A few years ago I took a fun class from Richard Salley at ArtFest up here in Port Townsend. We were primarily making lockets, but he'd started experimenting with torch enameling and brought his whole shebang with him for us to try. btw, if you don't know, Richard is a fabulous teacher. He's generous with his knowledge and very encouraging.Although I love my locket it was the torch enameling that was tickling my muse. I'd done regular enameling in the kiln, but I loved being in the moment and seeing what the different colors would do under a torch almost immediately. I couldn't cut up pieces of metal and shape them quickly enough!

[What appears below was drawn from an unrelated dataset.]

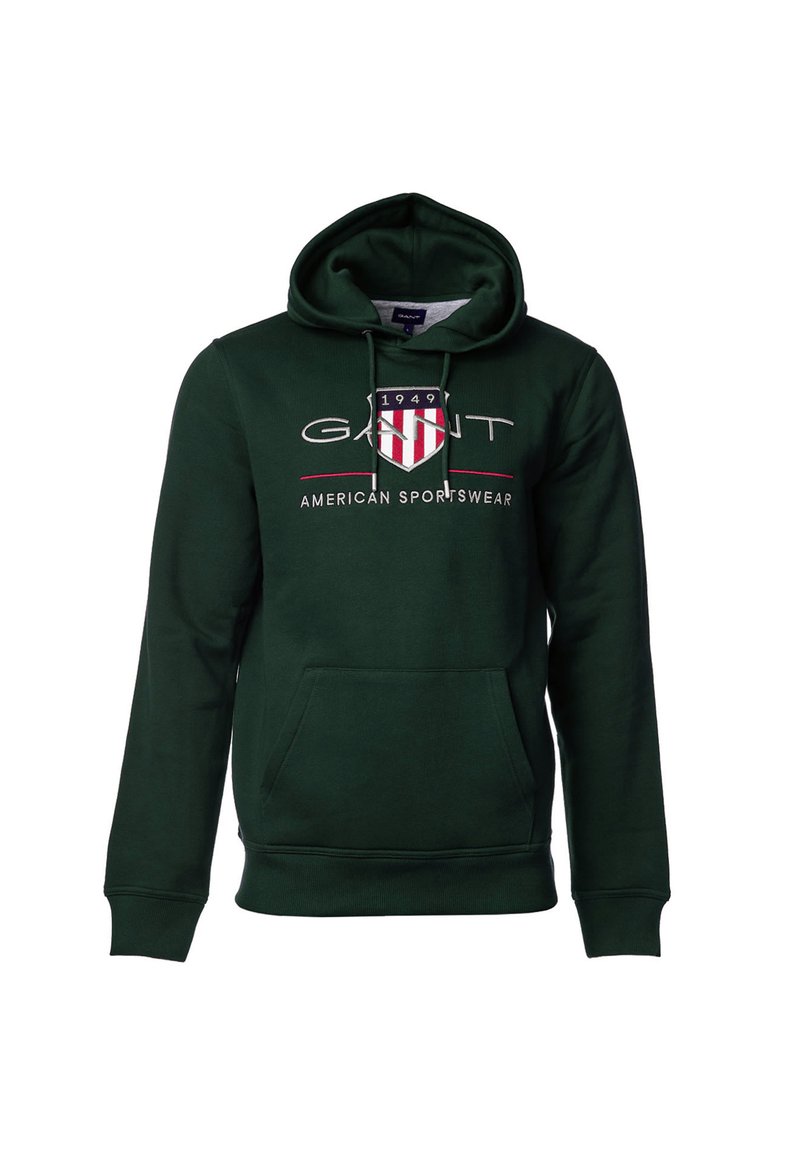 GANT - ARCHIVE SHIELD HOODIE - Huppari - grün (tartan green), Suurenna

Finding a piece copper mesh I even torched a little on it and was reminded that metal can melt.
When I saw that Barbara Lewis was going to be teaching her torch enameling technique in Portland this week I leapt at the chance. I wasn't happy with the set up we had in Port Townsend health wise and after reading her book can see her method is going to be more controlled and easier to keep those powders out of the air. I'm not sure her technique will work for flat pieces like it does for beads, but we'll see.
I'll leave you with the one torch enameled piece from my experiments a few years ago that made it into a piece of jewelry. I was thinking I'd create these dog bones and attach them as jewelry to my dog's collar, but instead I created a Victorian style mourning necklace inspired by the first two dogs that were in my husband and my home and hearts.